The Global Trade Alert report, produced by Simon Evenett and Johannes Fritz at the University of St Gallen in Switzerland, said most media reports of U.S. President Donald Trump’s trade policies focused on $278 billion of tariff increases.
“However, this year has also seen $47 billion of Chinese good shipments to the United States targeted by other U.S. trade distortions. Furthermore, over $43 billion of Chinese exports have been caught up in other U.S. trade distortions that affect multiple countries,” the report said.
“In fact a total of $369 billion of Chinese exports have faced new US trade distortions this year. Once the full range of U.S. trade distortions is taken into account, a third more Chinese exports are implicated in this year’s trade war.”
At the same time, Chinese tariff retaliation affected $87.5 billion of U.S. goods exports this year.
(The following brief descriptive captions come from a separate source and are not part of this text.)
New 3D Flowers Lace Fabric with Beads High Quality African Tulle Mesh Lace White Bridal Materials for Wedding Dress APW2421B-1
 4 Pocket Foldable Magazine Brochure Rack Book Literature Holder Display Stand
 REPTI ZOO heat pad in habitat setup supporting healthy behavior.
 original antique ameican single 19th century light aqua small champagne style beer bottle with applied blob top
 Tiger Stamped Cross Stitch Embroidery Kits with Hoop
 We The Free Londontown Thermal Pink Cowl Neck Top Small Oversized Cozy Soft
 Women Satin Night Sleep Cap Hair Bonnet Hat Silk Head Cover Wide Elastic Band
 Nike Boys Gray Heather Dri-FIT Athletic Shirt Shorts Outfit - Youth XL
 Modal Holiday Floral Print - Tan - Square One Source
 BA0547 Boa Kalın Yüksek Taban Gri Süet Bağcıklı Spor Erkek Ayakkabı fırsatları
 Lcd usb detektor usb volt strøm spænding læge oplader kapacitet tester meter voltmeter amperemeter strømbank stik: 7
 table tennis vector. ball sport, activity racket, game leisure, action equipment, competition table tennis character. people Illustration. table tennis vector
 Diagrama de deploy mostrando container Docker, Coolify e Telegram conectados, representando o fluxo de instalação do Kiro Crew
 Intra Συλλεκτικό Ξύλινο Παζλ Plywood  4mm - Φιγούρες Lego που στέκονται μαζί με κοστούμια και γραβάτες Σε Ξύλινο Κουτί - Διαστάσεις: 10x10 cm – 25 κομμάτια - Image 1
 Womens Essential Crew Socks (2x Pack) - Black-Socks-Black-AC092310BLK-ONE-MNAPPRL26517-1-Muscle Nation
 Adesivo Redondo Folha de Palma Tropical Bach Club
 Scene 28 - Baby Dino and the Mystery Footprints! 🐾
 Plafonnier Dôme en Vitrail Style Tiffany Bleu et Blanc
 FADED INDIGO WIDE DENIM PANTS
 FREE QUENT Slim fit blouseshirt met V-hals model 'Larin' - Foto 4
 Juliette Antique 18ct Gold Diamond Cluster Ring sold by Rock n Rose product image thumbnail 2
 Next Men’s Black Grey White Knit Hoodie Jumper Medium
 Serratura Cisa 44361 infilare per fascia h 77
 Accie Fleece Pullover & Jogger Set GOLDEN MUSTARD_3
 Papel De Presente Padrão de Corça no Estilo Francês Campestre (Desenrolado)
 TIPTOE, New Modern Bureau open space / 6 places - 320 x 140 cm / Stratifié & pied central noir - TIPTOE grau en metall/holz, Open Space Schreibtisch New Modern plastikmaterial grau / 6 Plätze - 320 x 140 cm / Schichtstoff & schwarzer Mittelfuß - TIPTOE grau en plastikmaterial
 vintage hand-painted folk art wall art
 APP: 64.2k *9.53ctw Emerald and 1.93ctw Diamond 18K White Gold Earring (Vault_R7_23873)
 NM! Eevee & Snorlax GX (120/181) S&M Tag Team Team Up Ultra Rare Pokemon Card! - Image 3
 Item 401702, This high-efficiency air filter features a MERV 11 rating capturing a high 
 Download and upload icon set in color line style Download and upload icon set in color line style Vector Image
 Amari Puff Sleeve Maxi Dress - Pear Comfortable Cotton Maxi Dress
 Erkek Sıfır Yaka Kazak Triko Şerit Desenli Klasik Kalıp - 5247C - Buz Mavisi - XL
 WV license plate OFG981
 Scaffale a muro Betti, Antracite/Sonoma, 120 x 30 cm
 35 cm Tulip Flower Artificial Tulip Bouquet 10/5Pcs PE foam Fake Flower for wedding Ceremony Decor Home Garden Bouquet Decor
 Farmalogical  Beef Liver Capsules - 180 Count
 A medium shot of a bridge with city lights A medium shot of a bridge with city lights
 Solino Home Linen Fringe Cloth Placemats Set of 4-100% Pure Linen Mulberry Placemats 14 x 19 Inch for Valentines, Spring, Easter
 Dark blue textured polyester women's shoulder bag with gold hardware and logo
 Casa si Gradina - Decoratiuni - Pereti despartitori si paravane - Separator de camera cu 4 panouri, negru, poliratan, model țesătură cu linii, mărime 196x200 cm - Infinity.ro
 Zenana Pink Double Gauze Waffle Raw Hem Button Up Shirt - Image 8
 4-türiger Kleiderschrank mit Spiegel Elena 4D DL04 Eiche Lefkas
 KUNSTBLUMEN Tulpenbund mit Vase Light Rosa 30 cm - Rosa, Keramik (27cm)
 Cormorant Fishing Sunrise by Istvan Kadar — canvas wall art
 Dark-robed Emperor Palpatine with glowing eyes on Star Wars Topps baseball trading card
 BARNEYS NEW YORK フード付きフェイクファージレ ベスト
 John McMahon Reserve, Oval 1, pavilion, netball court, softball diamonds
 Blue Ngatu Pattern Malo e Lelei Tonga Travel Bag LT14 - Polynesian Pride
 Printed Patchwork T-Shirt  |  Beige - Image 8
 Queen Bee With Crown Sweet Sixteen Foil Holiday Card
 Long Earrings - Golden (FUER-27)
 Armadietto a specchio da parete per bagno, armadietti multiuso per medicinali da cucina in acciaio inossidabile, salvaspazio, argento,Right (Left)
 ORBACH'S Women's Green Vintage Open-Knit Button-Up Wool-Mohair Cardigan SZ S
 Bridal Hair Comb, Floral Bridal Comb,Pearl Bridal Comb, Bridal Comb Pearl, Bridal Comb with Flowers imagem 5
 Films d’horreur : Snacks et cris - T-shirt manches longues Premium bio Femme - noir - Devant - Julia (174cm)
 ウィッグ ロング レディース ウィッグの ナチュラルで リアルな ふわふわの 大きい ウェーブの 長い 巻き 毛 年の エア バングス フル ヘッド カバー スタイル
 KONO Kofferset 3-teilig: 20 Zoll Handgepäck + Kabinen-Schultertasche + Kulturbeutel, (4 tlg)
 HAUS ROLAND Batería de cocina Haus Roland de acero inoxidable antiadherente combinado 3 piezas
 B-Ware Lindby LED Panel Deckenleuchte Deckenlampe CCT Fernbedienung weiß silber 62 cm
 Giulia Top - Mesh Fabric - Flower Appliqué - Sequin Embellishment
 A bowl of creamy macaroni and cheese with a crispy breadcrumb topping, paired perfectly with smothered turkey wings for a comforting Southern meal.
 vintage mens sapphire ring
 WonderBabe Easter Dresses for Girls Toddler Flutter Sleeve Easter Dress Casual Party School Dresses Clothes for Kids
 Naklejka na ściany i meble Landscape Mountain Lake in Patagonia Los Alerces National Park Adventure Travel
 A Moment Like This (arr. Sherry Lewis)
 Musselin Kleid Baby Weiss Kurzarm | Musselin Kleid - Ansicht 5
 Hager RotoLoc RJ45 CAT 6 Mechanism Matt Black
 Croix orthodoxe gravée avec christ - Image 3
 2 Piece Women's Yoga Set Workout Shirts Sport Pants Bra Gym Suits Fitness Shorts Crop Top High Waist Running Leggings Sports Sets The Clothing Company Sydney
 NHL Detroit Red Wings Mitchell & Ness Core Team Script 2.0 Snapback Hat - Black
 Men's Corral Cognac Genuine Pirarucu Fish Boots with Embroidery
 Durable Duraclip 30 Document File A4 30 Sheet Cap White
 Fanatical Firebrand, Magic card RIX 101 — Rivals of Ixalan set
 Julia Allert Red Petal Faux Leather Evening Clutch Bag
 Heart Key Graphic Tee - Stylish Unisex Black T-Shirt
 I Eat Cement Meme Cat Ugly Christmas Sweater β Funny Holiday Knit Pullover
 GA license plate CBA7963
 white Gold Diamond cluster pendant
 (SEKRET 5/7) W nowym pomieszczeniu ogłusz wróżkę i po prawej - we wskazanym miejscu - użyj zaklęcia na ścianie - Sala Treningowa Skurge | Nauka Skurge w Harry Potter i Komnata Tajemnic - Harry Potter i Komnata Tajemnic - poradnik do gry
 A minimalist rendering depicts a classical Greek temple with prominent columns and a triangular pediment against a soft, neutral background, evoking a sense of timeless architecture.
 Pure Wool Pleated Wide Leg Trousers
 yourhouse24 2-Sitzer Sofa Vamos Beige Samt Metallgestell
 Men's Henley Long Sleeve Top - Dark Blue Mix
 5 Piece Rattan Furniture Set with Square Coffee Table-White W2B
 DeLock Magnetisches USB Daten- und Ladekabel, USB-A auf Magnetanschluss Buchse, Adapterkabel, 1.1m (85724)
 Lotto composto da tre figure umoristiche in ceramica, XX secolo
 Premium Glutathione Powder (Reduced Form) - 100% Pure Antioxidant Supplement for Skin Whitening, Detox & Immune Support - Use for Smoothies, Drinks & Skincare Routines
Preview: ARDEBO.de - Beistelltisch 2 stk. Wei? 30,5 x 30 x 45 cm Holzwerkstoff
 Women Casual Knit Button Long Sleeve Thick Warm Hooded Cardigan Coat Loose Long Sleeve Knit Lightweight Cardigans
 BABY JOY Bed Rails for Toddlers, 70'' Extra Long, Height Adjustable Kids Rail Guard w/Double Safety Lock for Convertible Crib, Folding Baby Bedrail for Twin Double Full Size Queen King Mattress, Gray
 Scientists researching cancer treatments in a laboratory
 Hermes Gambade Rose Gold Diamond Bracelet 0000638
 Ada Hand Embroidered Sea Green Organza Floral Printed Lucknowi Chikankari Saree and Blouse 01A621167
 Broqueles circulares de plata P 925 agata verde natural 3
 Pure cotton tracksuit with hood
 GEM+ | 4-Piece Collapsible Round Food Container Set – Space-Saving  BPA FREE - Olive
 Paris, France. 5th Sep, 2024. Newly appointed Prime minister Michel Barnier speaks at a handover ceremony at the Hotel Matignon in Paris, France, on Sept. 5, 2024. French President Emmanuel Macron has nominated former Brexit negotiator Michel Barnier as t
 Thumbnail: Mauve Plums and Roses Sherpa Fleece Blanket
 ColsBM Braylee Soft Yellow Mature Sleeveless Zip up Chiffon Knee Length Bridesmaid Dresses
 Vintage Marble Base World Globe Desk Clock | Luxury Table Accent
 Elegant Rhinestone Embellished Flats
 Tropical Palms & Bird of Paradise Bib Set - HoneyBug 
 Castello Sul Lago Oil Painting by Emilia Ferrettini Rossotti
Taking into account both sides, the scale of the trade war is 20 percent larger than commonly reported, the report said.
Global Trade Alert has cataloged global trade policies since 2009 to gauge trends in protectionism, following a pledge by the G20 group of countries in November 2008 not to resort to trade protectionism as a response to the financial crisis.
In 2017, 70 percent of Chinese exports to the United States and U.S. exports to China faced some kind of trade barrier. Following this year’s escalation, 87 percent of Chinese exports and 92 percent of U.S. exports are affected.
But still, the tension between Washington and Beijing accounted for only a small proportion of the total new trade restrictions imposed by G20 countries this year.
“Trade hit by tariff hikes on Sino-U.S. commerce amounts to just 22 percent of global trade hit this year by import distortions,” the report said.